I mostly play one-on-one. Some call this a "duo" game and some call it a"solo" game. The GM/DM/Referee is a person who is playing the game, even though they're not called a "player," so I do not consider an RPG that has two participants to be a solo game.

One-on-one Benefits

  1. Convenience.
    I can play with any of my players at any time. If we're in the same room, we can play normally. If we're not (like when someone is at work but has a moment), we just type our latest response on Discord, Slack, or Google Hangouts. I regularly play with my wife during walks, chores, meals, waiting in line, sitting at the airport, etc.
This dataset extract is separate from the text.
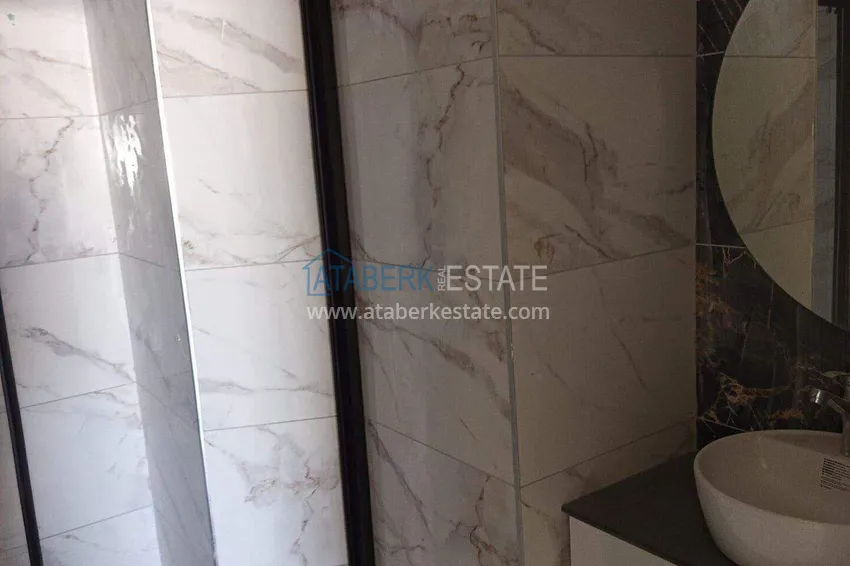 Kupuj  Nieruchomość w Alanyi z widokiem na morze - apartament 1+1 w Mahmutlar 9 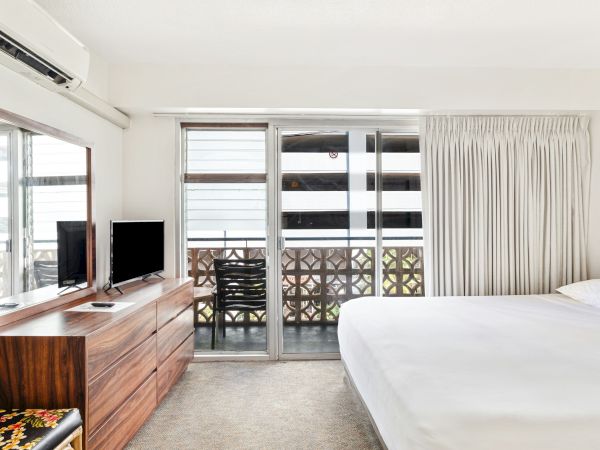 A bright hotel room with a bed, TV and wooden dresser, plus sliding balcony doors, curtains, and a wall air conditioner.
This is easy because I use a simple ruleset (similar to the GLOG, B/X, Lamentations of the Flame Princess, and other OSR systems.) The whole thing fits on a tiny printout I keep folded in my pocket alongside some miniature dice. I'll share it at some point.
  2. Extra room for detail and character exploration without a "spotlight" or any need to spend time focused on forcing character development.
    It will naturally happen through decisions, as in any good OSR game, but decisions are completely owned by the player character because there's no peer pressure or group thinking of any kind.
  3. You're likely to have a lot of conversation and "intimacy" with one person. Do this with your bestie.
  4. Your player will develop a unique playstyle without others influencing it. This tends to result in some particularly creative play. All of my players have been notably more cautious as newbie duo players than as newbie group players. This is wonderful if you like game tension, resource management, etc. I'm particularly excited to try running the Veins of the Earth as a duo game.

One-on-one Drawbacks

  1. You're stuck with this person now.
  2. If you lose one player, the whole campaign is gone. (A campaign and a setting are not the same thing.) I sometimes lose my wife as a player for a week or two at a time, which is a letdown when you get used to expecting a few turns a day. (This can be resolved by either not caring or by running multiple campaigns online with other people.)
  3. You're likely to have a lot of conversation and "intimacy" with one person. Don't do this with randos.
  4. Your player might be so cautious that they develop analysis paralysis. A single combat turn or a visit to the market can take forever without the live pressure of socializing with a group of people. My wife procrastinates when a decision is hard.

Comparison to Group Play

I'm playing other games with other people, mostly one-on-one. I'm also running a group, in-person game of Hot Springs Island and have run Lady Blackbird with a group as well. Those games are fun, exciting, and often humorous, but they have less tension, excitement, cleverness, and character development than the one-on-one game I play with my wife, even though she's played in every group game I've run.